Page MenuHomePhabricator

Pywikibot; Listpages.py ; -ns: option apparently ignored if -limit: option used...
Open, HighPublicBUG REPORT

Description

List of steps to reproduce (step by step, including full links if applicable):

  • Open a Bash notebook.
  • enter the command
pwb.py listpages -usercontribs:"ShakespeareFan00" -intersect  -limit:500 -ns:104 -lang:en -family:wikisource -format:"* [[{page.loc_title}]]"
  • Run the command

What happens?:

Query runs, but contains entries that are clearly not in the namespace explicity given. ( ns 104 is Page namespace on English Wikisource.

What should have happened instead?:

The generated results should have had only entries in the Page: namespace.

Software version (if not a Wikimedia wiki), browser information, screenshots, other information, etc.:

Event Timeline

ShakespeareFan00 renamed this task from -ns: option apparently ignored if -limit: option used... to Pywikibot; Listpages.py ; -ns: option apparently ignored if -limit: option used....May 10 2022, 2:39 PM

Found these wrong entries:

C:\pwb\GIT\core>pwb.py listpages -usercontribs:"ShakespeareFan00" -intersect  -limit:500 -ns:104 -lang:en -family:wikisource -format:"* [[{page.loc_title}]]"
WARNING: "-intersect" ignored as only one generator is specified.
* [[Index:Iran Air Flight 655 investigation.djvu/styles.css]]
* [[Author:Laura Fry Kready]]
* [[Catholic Encyclopedia (1913)/Congregation of Priests of the Mission]]
* [[Index:As others saw Him.djvu]]
* [[User talk:ShakespeareFan00]]
* [[Category:Page containing non visible comments or annotations]]
* [[User talk:DivermanAU]]
* [[Template:Remarks/doc]]
* [[Template:Remarks]]
* [[Index:Keil and Delitzsch,Biblical commentary the old testament the pentateuch, trad James Martin, volume 1, 1885.djvu]]
* [[Template:*!/c]]
* [[Template:*!/s]]
365 page(s) found

C:\pwb\GIT\core>

There are two problems:

  • API:Usercontribs supports namespace but either we have no api.QueryGenerator here or support_namespace() returns False for the generator item
  • NamespaceFilterPageGenerator definitely yields wrong namspace pages here

Also I note the query here is reporting 365 entries, when the limit is 500, I certainly have more than 500 user contributions on English Wikisource.

@ShakespeareFan00: As I can see, this is a known problem with pagegenerator generator functions; there must be a task already I guess. As a workaround you have to define the namespace first:

pwb.py listpages -ns:104-usercontribs:"ShakespeareFan00" -limit:500 -site:wikisource:en -format:"* [[{page.loc_title}]]"

T222519 ? I am trying your suggested re-ordering..

And your suggested change didn't remove the non Page: namespace entries...

I strongly suggest some kind of option sorting is done BEFORE anything is generated.

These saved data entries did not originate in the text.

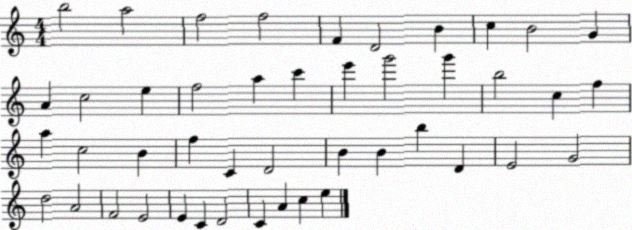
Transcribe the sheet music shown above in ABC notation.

X:1
T:Untitled
M:4/4
L:1/4
K:C
b2 a2 f2 f2 F D2 B c B2 G A c2 e f2 a c' e' g'2 g' b2 c f a c2 B f C D2 B B b D E2 G2 d2 A2 F2 E2 E C D2 C A c e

Xqt triaged this task as High priority.May 10 2022, 3:19 PM

@ShakespeareFan00: As I can see, this is a known problem with pagegenerator generator functions; there must be a task already I guess. As a workaround you have to define the namespace first:

pwb.py listpages -ns:104-usercontribs:"ShakespeareFan00" -limit:500 -site:wikisource:en -format:"* [[{page.loc_title}]]"

Ah, no: It does not work in the current implementation. I tried it with a patch.

Suggestions: -

Sort the options into a logical order before further processing... I'm not sure if Python will let you do that..

Aside:

It's not clear from the documentation if multiple options for the same filter can be specified... I am assuming it shouldn't be (but I have had dual invocations of -linter work for me.). I am thinking in terms of filter options like -grep: where you might be wanting to filter on two or more things without wanting to write a really complex regexp vs 2 simple ones...

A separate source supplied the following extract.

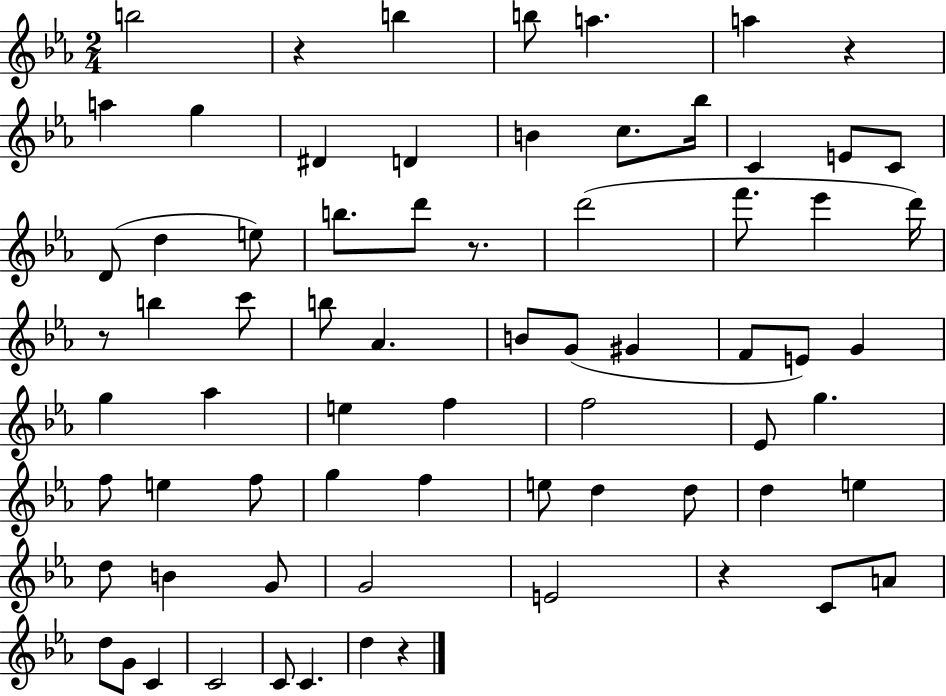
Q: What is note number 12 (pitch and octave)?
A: Bb5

@ShakespeareFan00: Here a code which will work if you give the -ns parameter before the generator parameter. All you have to do is to change this method in pagegenerators:

def _handle_usercontribs(self, value: str) -> HANDLER_RETURN_TYPE:
    """Handle `-usercontribs` argument."""
    self._single_gen_filter_unique = True
    return UserContributionsGenerator(
        value, site=self.site, _filter_unique=None,
        namespaces=self.namespaces)

Not sure whether this will be kept for a final solution or overtaken to Pywikibot 7.3

I strongly suggest some kind of option sorting is done BEFORE anything is generated.

API:Usercontribs does not support any sorting. Seems the sorting order is the edit timestamp then. Sorting on client side is problematic because all entries have to be retrieved from API before the pages can be yielded. This can lead to exhausing memory usage and this is what generators are preventing usually.

Suggestions: -

Sort the options into a logical order before further processing... I'm not sure if Python will let you do that..

That looks like a good idea. That might be possible with pg.handle_args which was introduced in Pywikibot 6.0

Aside:

It's not clear from the documentation if multiple options for the same filter can be specified... I am assuming it shouldn't be (but I have had dual invocations of -linter work for me.). I am thinking in terms of filter options like -grep: where you might be wanting to filter on two or more things without wanting to write a really complex regexp vs 2 simple ones...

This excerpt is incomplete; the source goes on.